Czy można używać w tym celu jerkówki??
Witam
Przez cztery dni łowiłem kijem spinningowym isa904 9 ' i wspomnianym castingiem w długości 7 . Obydwoma kijami przerzucałem Poprad bez problemu . ISA 904 ma za słabą szczytówkę i jej ugięcie jest nie odpowiednie które jest ważne przy podbieraniu ryby - wczoraj dotarły do mnie wzmocnione modele- muszę się jeszcze raz wybrać na głowatki i połowić z ich łowcami. TL był odpowieni ale powinien być chyba w długości 8-8'6 - kwestia preferencji. Moim zdaniem ułatwi to manewrowanie przynętą. Przy próbach zacięcia woblery przesuwały się w nurcie a nawet wyskakiwały nad wodę- wędiska miały odpowiednią moc roboczą . Samo zacięcie musi być wykonane z biodra -coś jak cios w boksie czy przy uderzeniu rakietą tenisową. Reasumując casting powinien być zrobiony na bazie blanku z grafitu standardowego (spore przeciążenia i możliwość urazu sprzętu)o mocy 20-25 lb max 30 lb . Akcja medium kołkowata szczytówka ,ale bez przesady. w momencie podebrania ryby powinien następować przyrost mocy na 35 -35 cm kija bez ostrego kąta aby dźwignąć głowacicę do podebrania. Dolnik musi mieć przynajmniej 33 cm + . Silny nurt bardzo szybko zweryfikował moją 27 cm rękojeść .Taki dolnik przyda się też przy podebraniu. W swojej wędce zrezygnowałbym z foregripu i w czasie holu trzymał za blank -przy akcji medium linka może pojechać po ręce podczas maksymalnego wygięcia . Można też zrobić dłuższy około 12 cm ale w miarę szczupły foregrip . Z powodu kamieni najlepiej używać grubej żyłki. Minusem multiplikatora wg mnie jest wybijanie wody ze szpuli-ręce bardzo marzną-no ale ja jestem zmarzlakiem z natury. Komfort łowienia na woblery był jednak zdecydowanie większy przy wędzisku castingowym niż spinningu.

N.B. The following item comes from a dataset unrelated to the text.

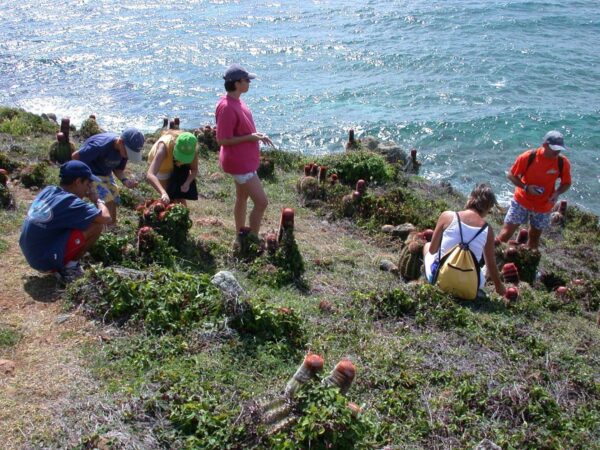 Guana Bay Coastal Hike Tour (Sint Maarten) - Afbeelding 3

Resztę i tak trzeba będzie sprawdzić ponownie nad wodą . Sam zlot chociaż bez kontaktu z głową był super i można się było wiele dowiedzieć. Tu chciałbym podziękować uczestnikom i organizatorom . Co do jerkówki można spróbować -ale moim zdaniem nie jest to wędzisko odpowiednie do ryb łososiowatych.